Araki and Yanase generalized his result, and added some interesting observations, in particular that this limitation applies to the measurement device as well.

Wigner was brilliant enough to know how to give a more general proof, but he wanted the idea to be understood easily. He used the conservation of angular momentum along an axis to deduce the limitation of accuracy of spin measurement along an orthogonal axis. He only uses a conservation law, but all conservation laws contribute. He had to give a simple proof, without making too many assumptions about the evolution equation. So he probably thought, spin measurement is a simple example, and also entails the existence of other spin operators that are conserved by unitary evolution and don't commute with it.

While all conservation laws contribute limitations, on the one hand this is an expression of the symmetries, and on the other hand, in fact, they don't do anything. The limitation is in the transformation of the total state from the state before measurement into the state after the pre-measurement, that is, just before we invoke the collapse postulate (the collapse itself breaks the conservation laws). During pre-measurement the evolution is unitary, because collapse is invoked at the end. The evolution itself constraints the possible results of the measurement. Conservation laws were originally used as indications that we can use to find such limitations. A general proof in terms of general unitary transformations is very difficult, but you can look at a conserved quantity and deduce enough to know that the accuracy is limited if we want repeatability. So the conservation law was used to give a simple, although less general, proof. And to make it simpler, the conserved quantity had to be additive.

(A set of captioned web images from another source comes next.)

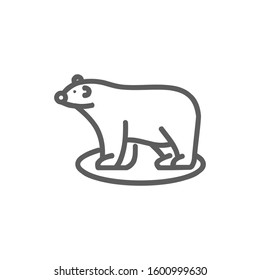 icon polar bear icon animal  icon bear vector illustration logo template for many purpose. Isolated on white background.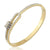 Corundum I Stylish Woman Bracelet - Gold-color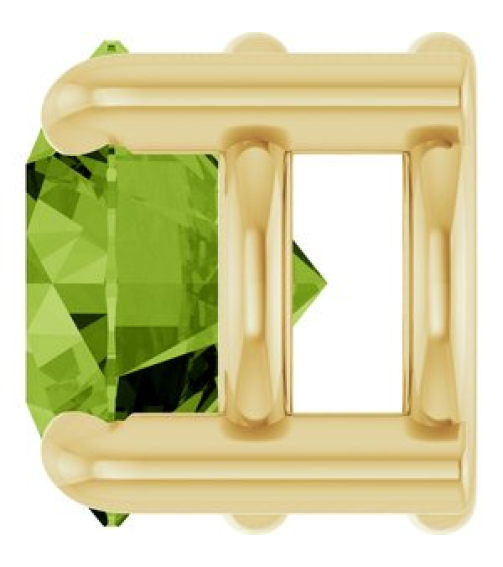 88436 Pendant Set 14K Yellow Round Natural Peridot 5.5 Mm Polished Natural Peridot Solitaire Slide Pendant
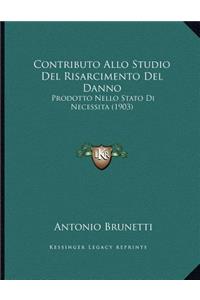 Contributo Allo Studio Del Risarcimento Del Danno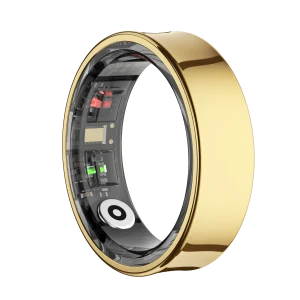 5ATM Waterproof Stainless Steel Smart Health Ring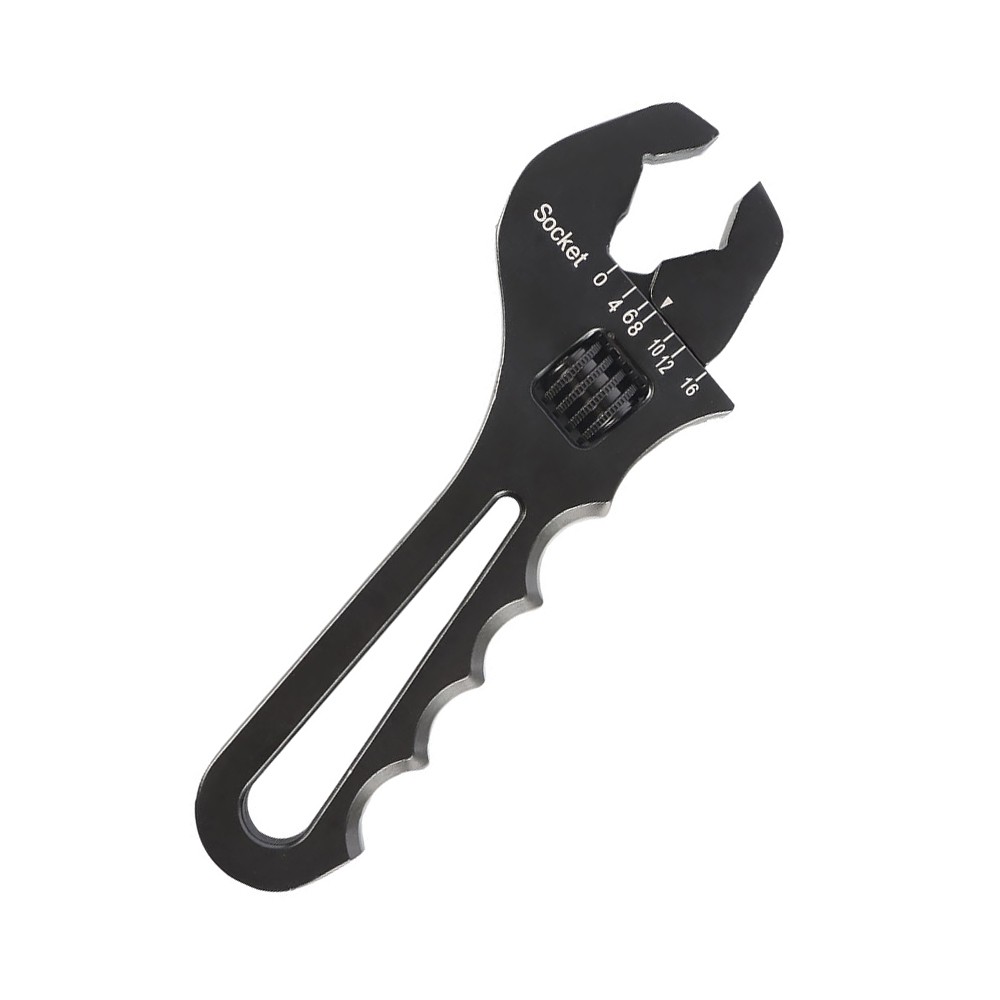 3AN-16AN For Hose End Fitting Black Aluminum Adjustable Wrench Tool Spanner New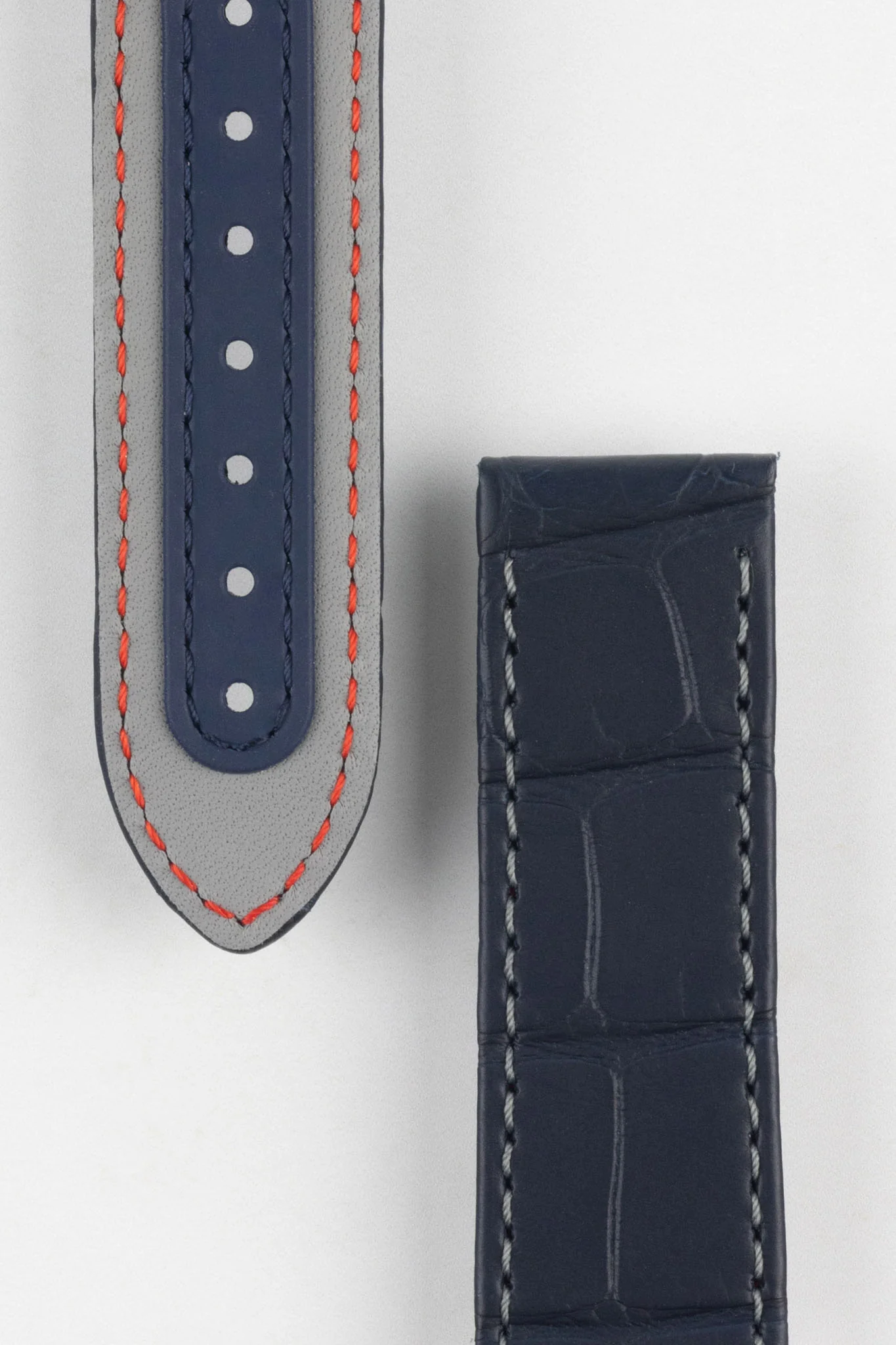 OMEGA CUZ007281 Speedmaster 'Blue Side of The Moon' 21mm Alligator Deployment Strap - BLUE - Image 2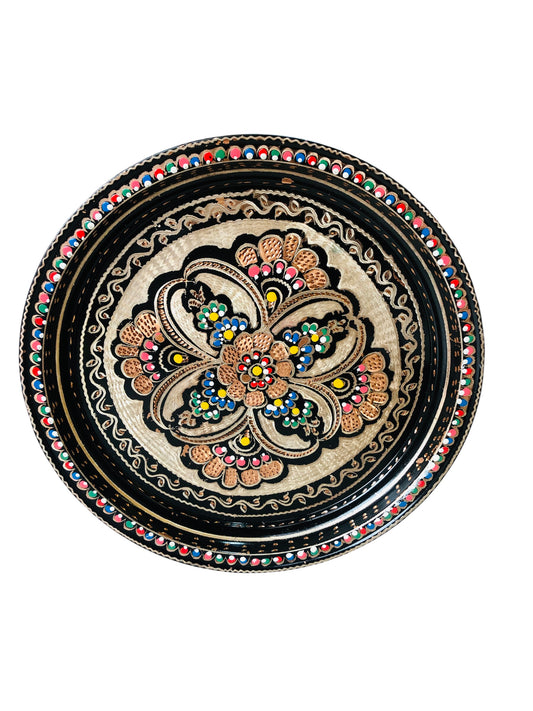 BAKIR ODASI İşlemeli tepsi 30cm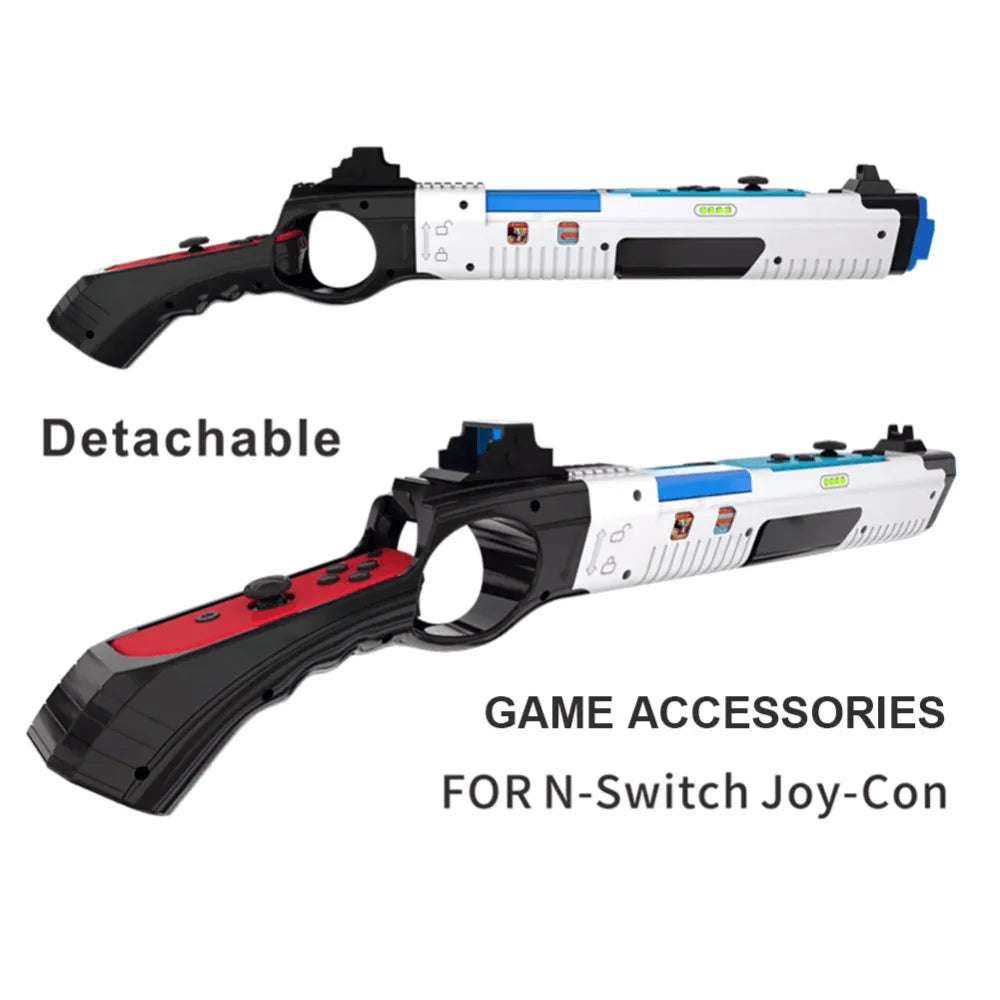 Gun shape handgrip feeling joystick for nintendo switch 2/1pcs - console | nintendo essentials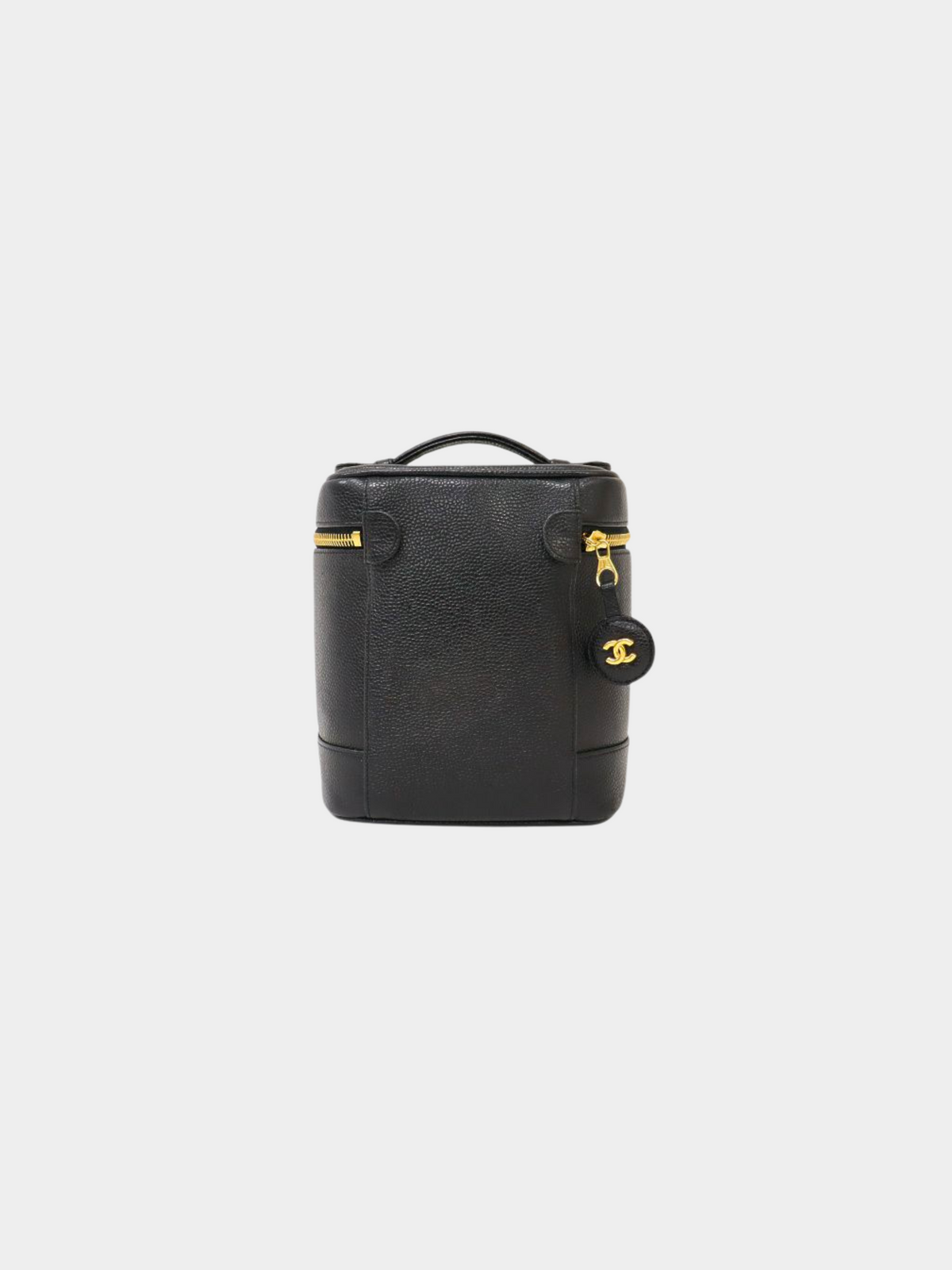 Chanel 1997 Black Caviar Skin Vanity Bag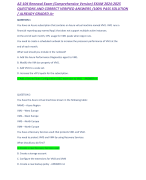 Med-Surg II HESI Test Bank EXAM 2024-2025 QUESTIONS AND CORRECT VERIFIED ANSWERS /100% PASS SOLUTION / ALREADY GRADED A+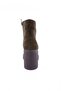 Genuine Leather Women's Boots - Khaki Suede 9171882 - 4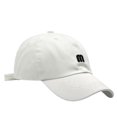 thumbnail image 1 of HJYCHN Embroidered Unisex Baseball Cap Sun Adjustable Low Profile Dad Hat for Outdoor Sports White One Size, 1 of 2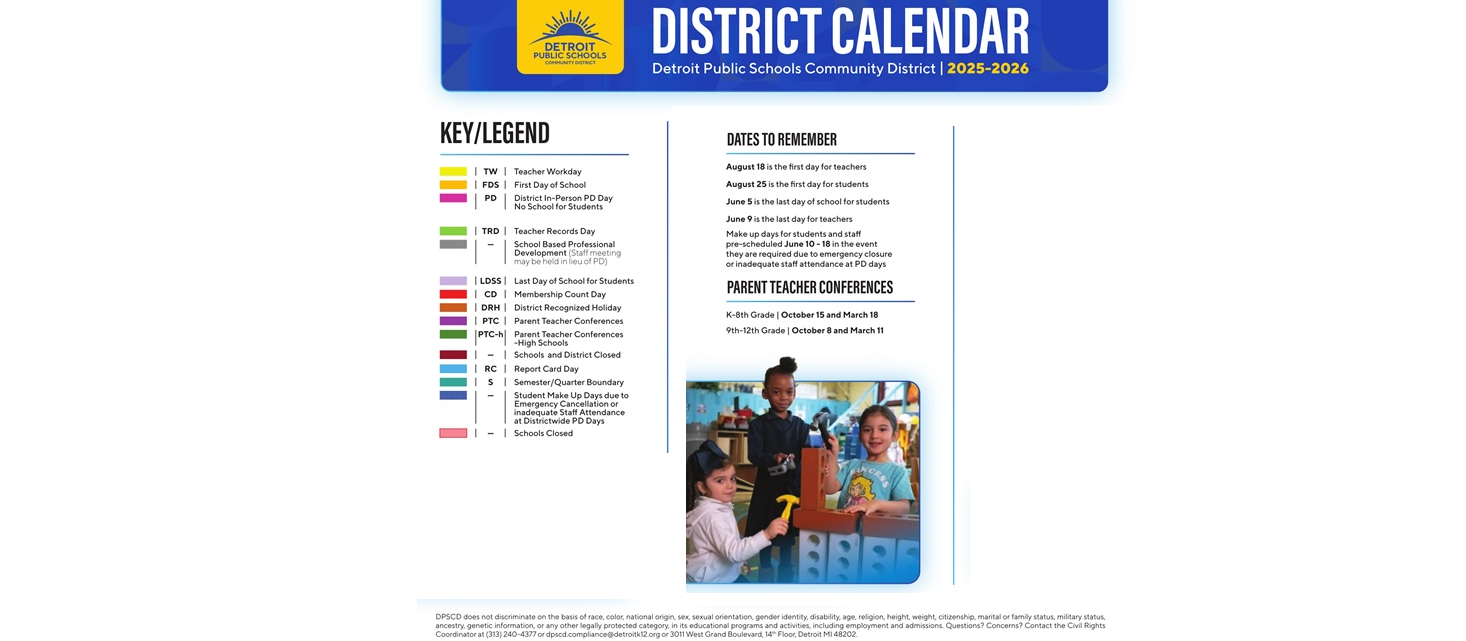 District School Academic Calendar Key for Carleton Elementary School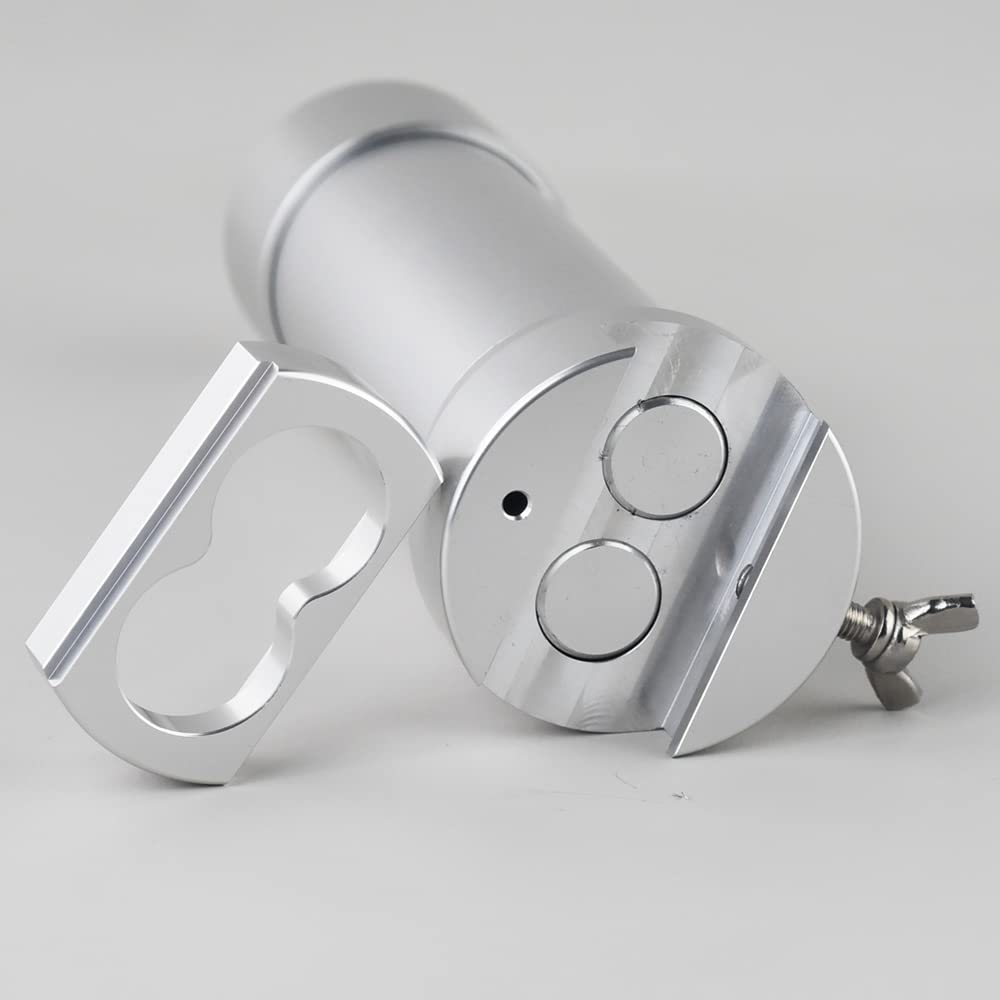 Semiautomatic Bicomponent AB Glue Dispenser Machine - 50ML Aluminum Flashlight Type (1:1 Ratio) for Plastic Bonding, DIY Crafts, and Home Repairs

But these are just assumptions Wigner made to prove the result, and this made me initially think that there is nothing special or metaphysical about conservation laws in this context, despite Wigner's other very important realizations about the role of symmetry. But there is a very important lesson about symmetries (which, as we know from Emmy Noether, are the reason behind the conservation laws), as elucidated by the works of Ozawa, Loveridge, Busch, Miyadera and others.

Conservation laws are often used to deduce things without solving equations. But they don't constrain, they express the constraints of the system, since these constraints restrict the symmetries, and therefore the conservation laws. On the other hand, the symmetries of the system really capture an important aspect of the constraints, as explained in this wonderful article by Loveridge, Busch, and Miyadera.

The reason why I consider Mikko Tukiainen's paper important is that it seems to indicate another deeper aspect, that seems to go beyond that. He not only it gave a more general proof, but in that proof, conservation laws play no role (you can read it for free here). He used instead the idea of quantum incompatibility, which is a way to understand the major features of quantum mechanics that distinguish it from classical mechanics (although the most useful examples are still given by conservation laws). This is neat, complements the idea based on symmetry, and it's in some sense more general.

Both the symmetries and quantum incompatibility go deep, but maybe there is a deeper reason than both of these - the full range of such limitations of measurements is still unknown. And maybe there is no general characterization of this. But anyway, I think there's more to be learned about this.

Since both the WAY papers together have together a relatively small number of citations (hundreds), I consider them underrated too. This is another mystery to me.